# [Entries supplied]

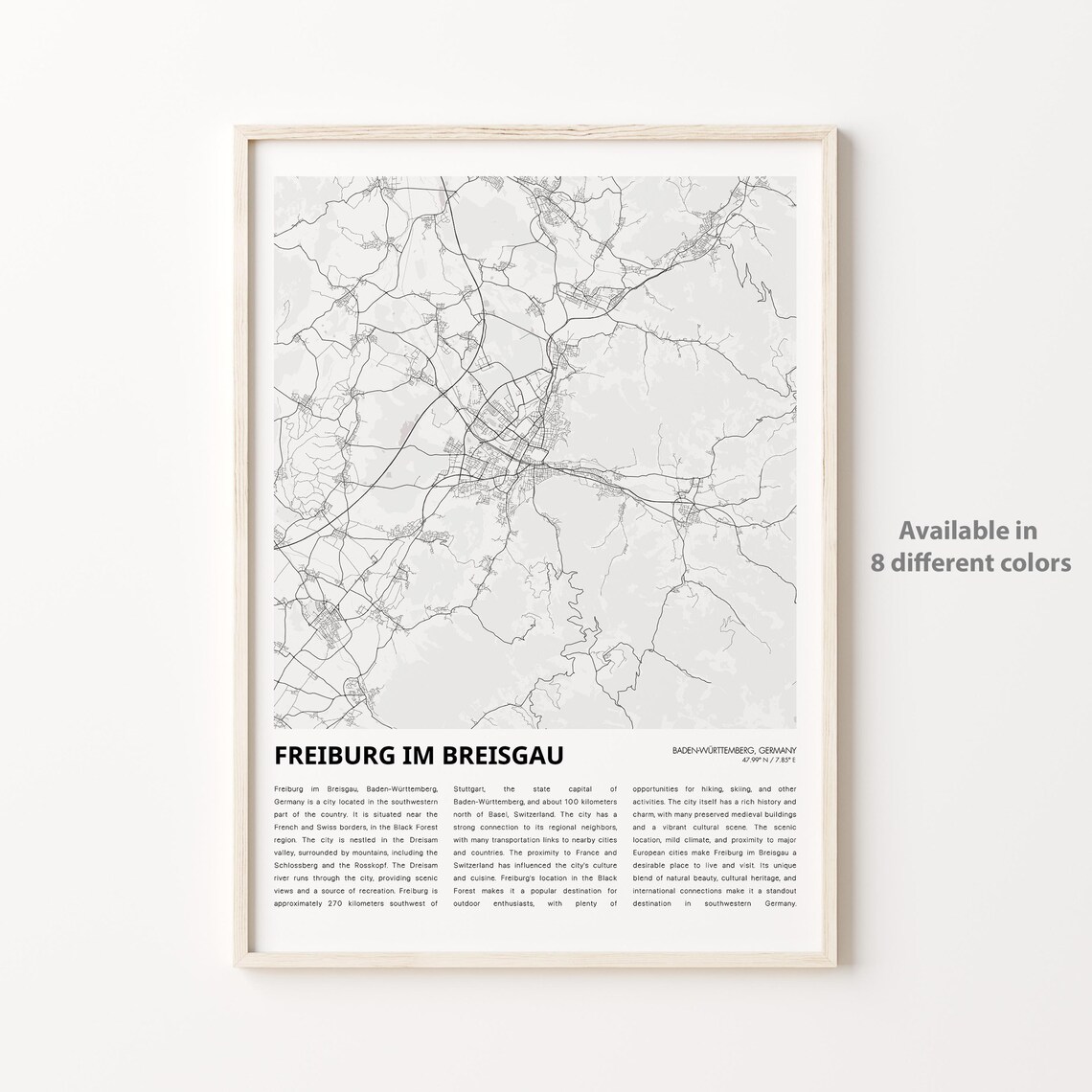 Freiburg Im Breisgau Germany Minimalist City Street Map Travel Poster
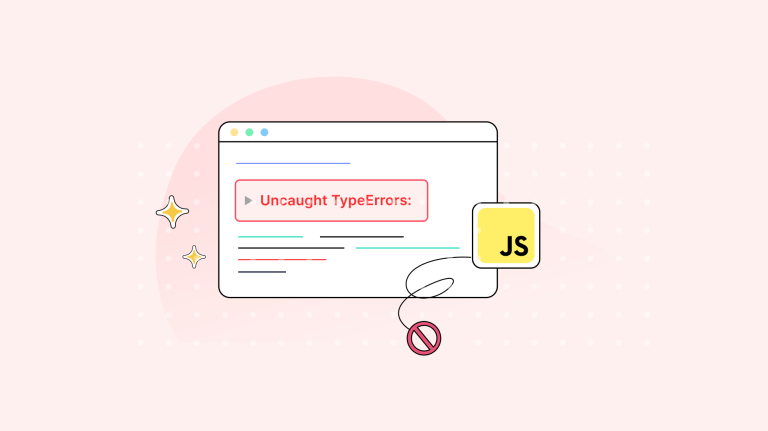 Uncaught TypeErrors appears inside an editor with the JavaScript Icon, with colors capturing the error handling phase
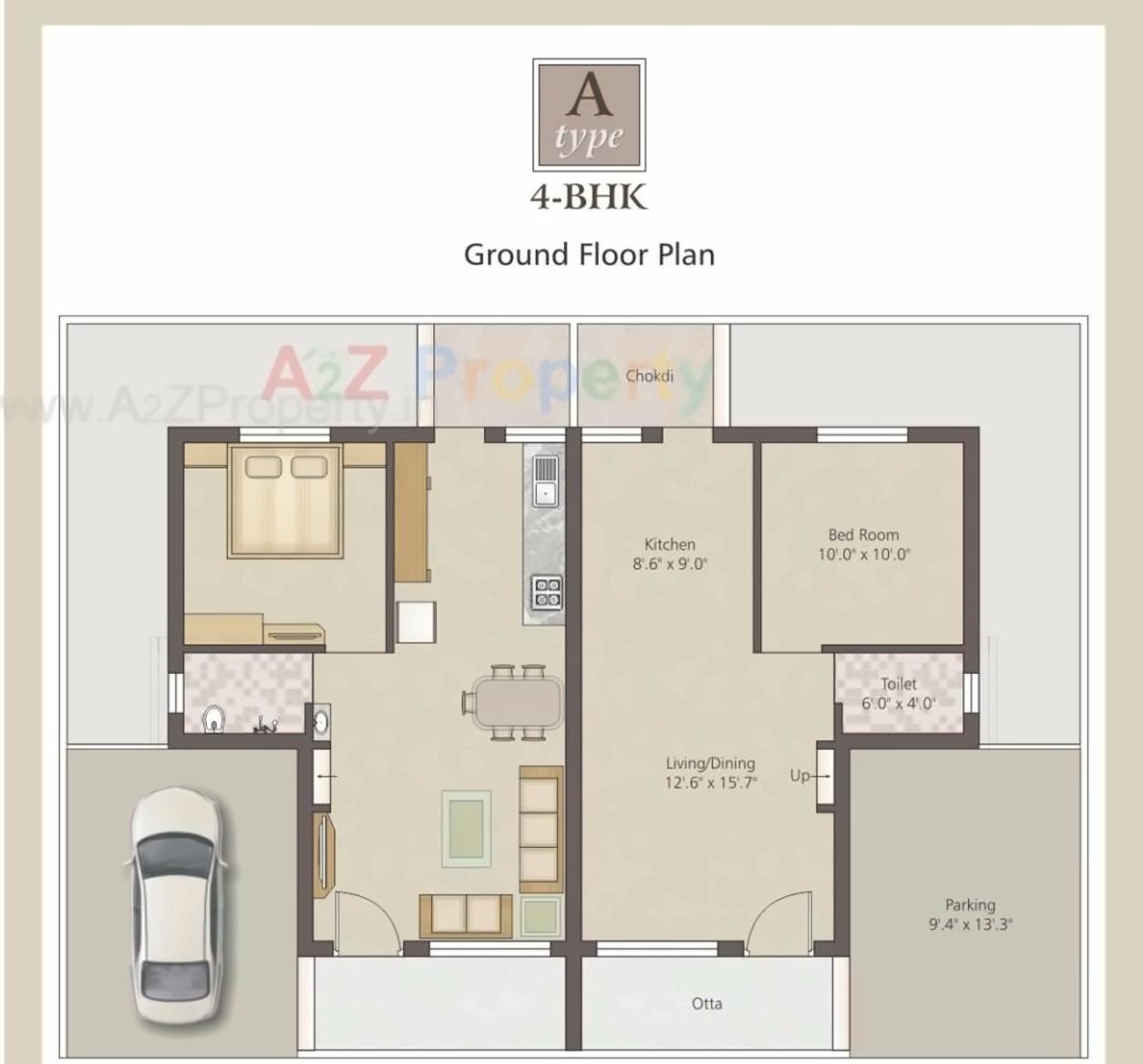 Layout of real estate project Kanha Aangan located at Khatamba, Vadodara, Gujarat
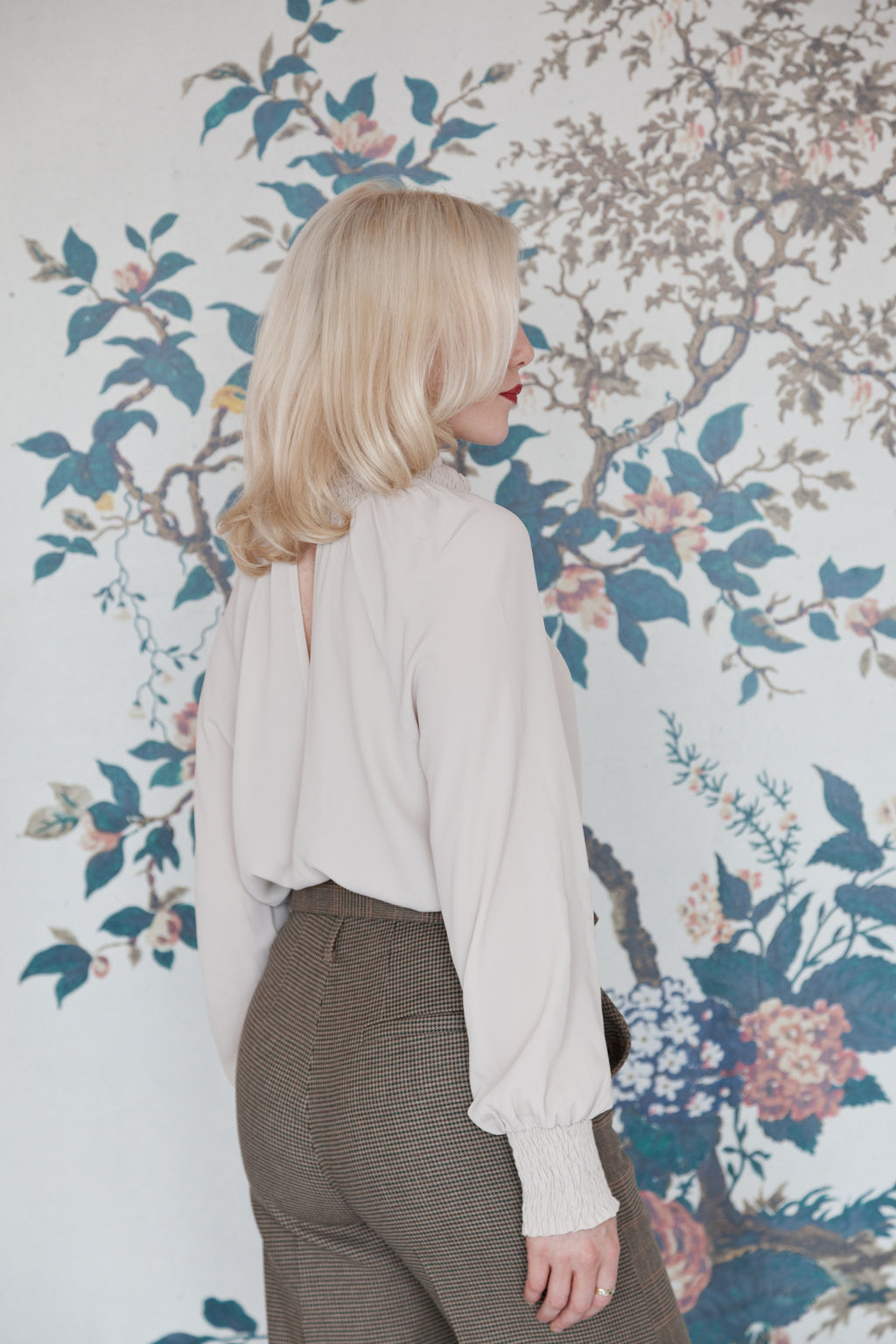 Beatrice B Stone Silk Ruched High Neck Blouse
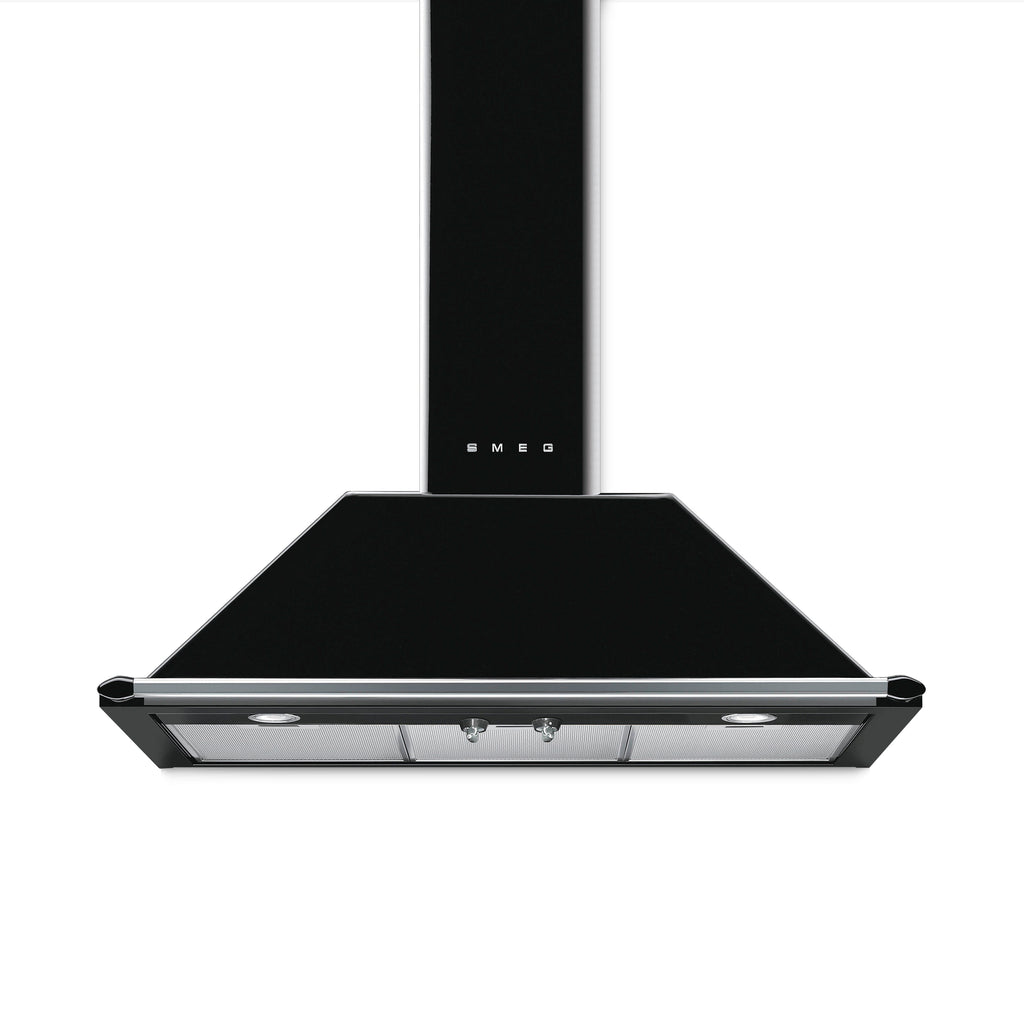 Victoria wall mount extractor in sleek black with 90 cm width, designed for efficient kitchen ventilation.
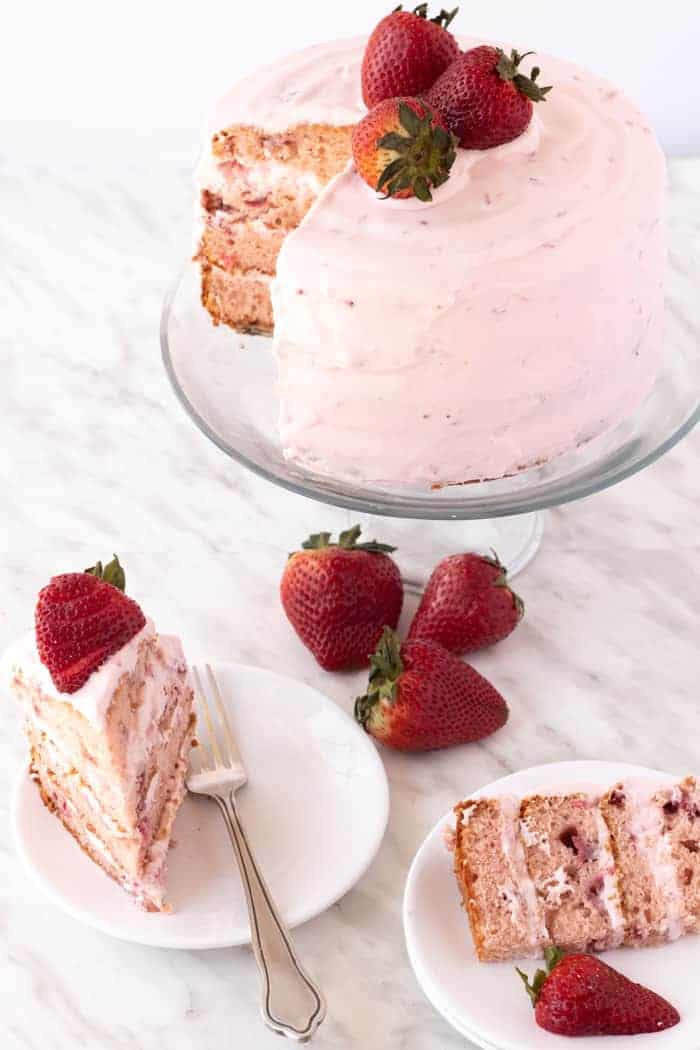 Fresh strawberry cake with strawberry icing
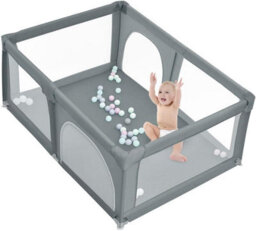 Dyzi Large Baby Playpen Portable Play Yard Safety Gate Grey 150 X 180Cm - thumbnail 6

# [Problem to work on]
Exactly as written above, retype the lines starting at the one holding "Uncaught TypeErrors appears" and ending at the one holding "Beatrice B Stone", both included, but not the pictures.

# [Answer for this exercise]
 Uncaught TypeErrors appears inside an editor with the JavaScript Icon, with colors capturing the error handling phase
 Layout of real estate project Kanha Aangan located at Khatamba, Vadodara, Gujarat
 Beatrice B Stone Silk Ruched High Neck Blouse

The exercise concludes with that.